The good news is that all the stakeholders are in good communication over the proposed Franklin change. The district, with Superintendent Lawrence and School Board members in attendance, have organized several well-attended community meetings to make their case and hear neighborhood concerns. Individual School Board members have also been meeting with community activists. City Councilmember Linda Maio has taken a leadership position from the beginning and her office continues to work vigorously with all parties. And both the Franklin neighbors and the current Adult School neighbors (many of whom want the Adult School to remain at its present location) are mobilized and actively engaging the process.
The bad news is the law appears to make BUSD a power unto themselves, virtually exempt from any of the traditional city review processes normally required before making a move of this scale. (Does anyone familiar with Berkeley’s permitting process believe a comparably sized shopping development or housing complex would be approved and break ground five months after announcing its intentions?) Yet, the district can seemingly make whatever unilateral decisions they want, essentially without review or recourse, and the city can do little beyond reviewing parking and traffic mitigations.

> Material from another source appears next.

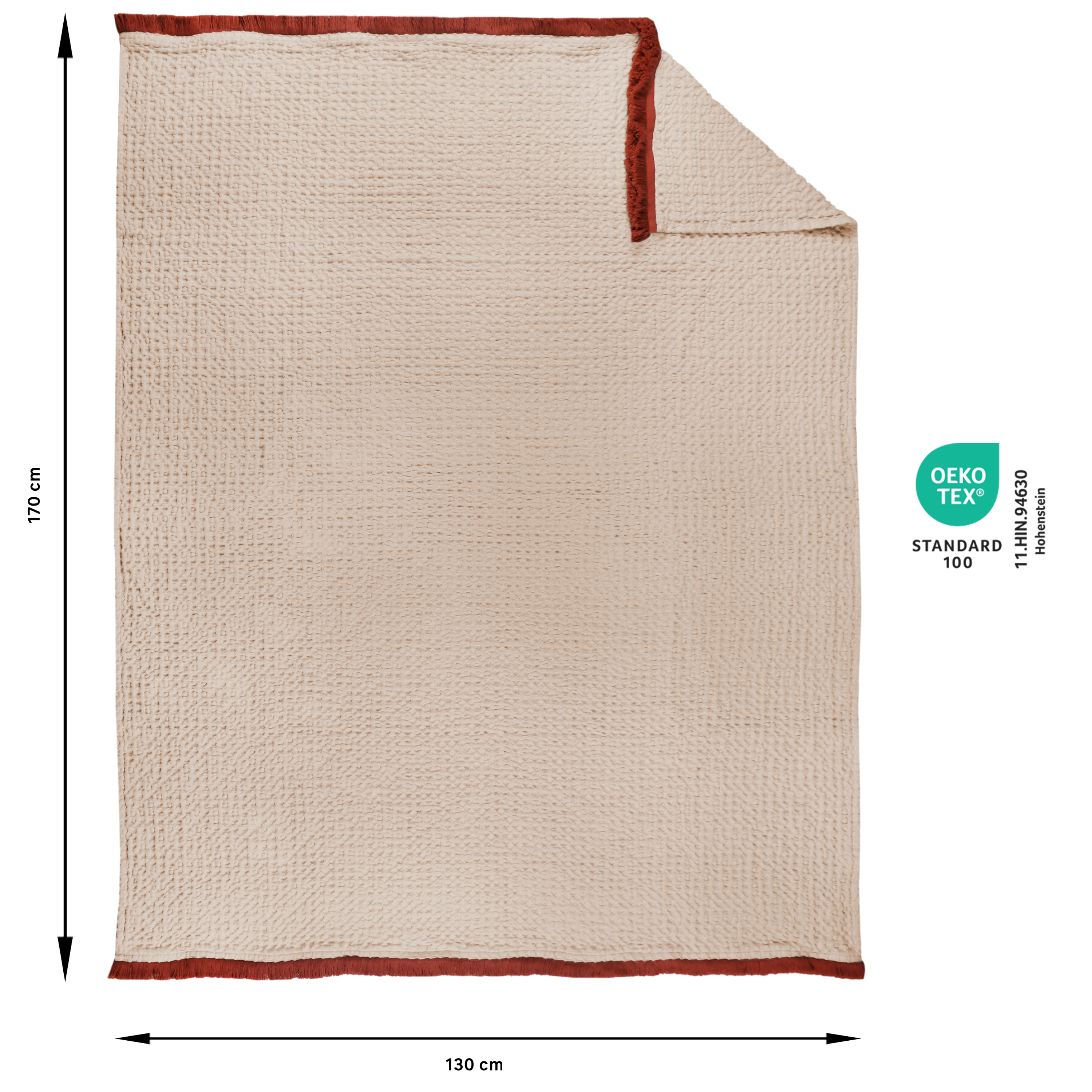 Manta flavio 130x170cm Eva Inspire - 6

There is a better way to serve the community, the city and the school district. It’s a collaborative approach, where we work in partnership to determine what Franklin should become and how best to integrate it into our neighborhood. But we can’t do that by merely offering our observations and comments and then looking in from the outside as the district exercises all the power, as is the current model. We must be an integral part of that process, working together to determine the best course for all.

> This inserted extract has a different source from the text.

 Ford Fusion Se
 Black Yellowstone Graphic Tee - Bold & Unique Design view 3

Here are two concrete steps that would help. First, open all district planning and design meetings to our neighborhood site committee and city representatives and make us an integral part of the planning process. Second, take the time to do careful, accurate and thoughtful traffic, parking, public transportation, recreation and other relevant studies. The few months lost while careful planning takes place are insignificant compared to long-term benefits gained by embracing community and city involvement in a full analysis of the proposed changes and their ramifications.
The stakeholders are currently in good communication and, I believe, there is sufficient good will to make this approach succeed. Let’s take it to the next level and implement a truly cooperative decision-making system that includes all the key players. The alternative is to leave all the decision-making power in the district’s hands. That’s not a process designed to make the best community-wide decisions and inevitably will create resentment toward BUSD at a time when they need our good will as much as we need for them to succeed.
Change is in the wind with the Berkeley Unified School District. This proposed move is the first of many that the district will be making at several sites over the next few years, when the Berkeley Adult School, the administrative center and maintenance yards, the Oregon campus and other schools currently operating in the district will likely change. Let’s make the proposed Franklin development the model for how we can work together for the good of all parties in the future.
Paul Shain is a Berkeley resident and Franklin School neighbor.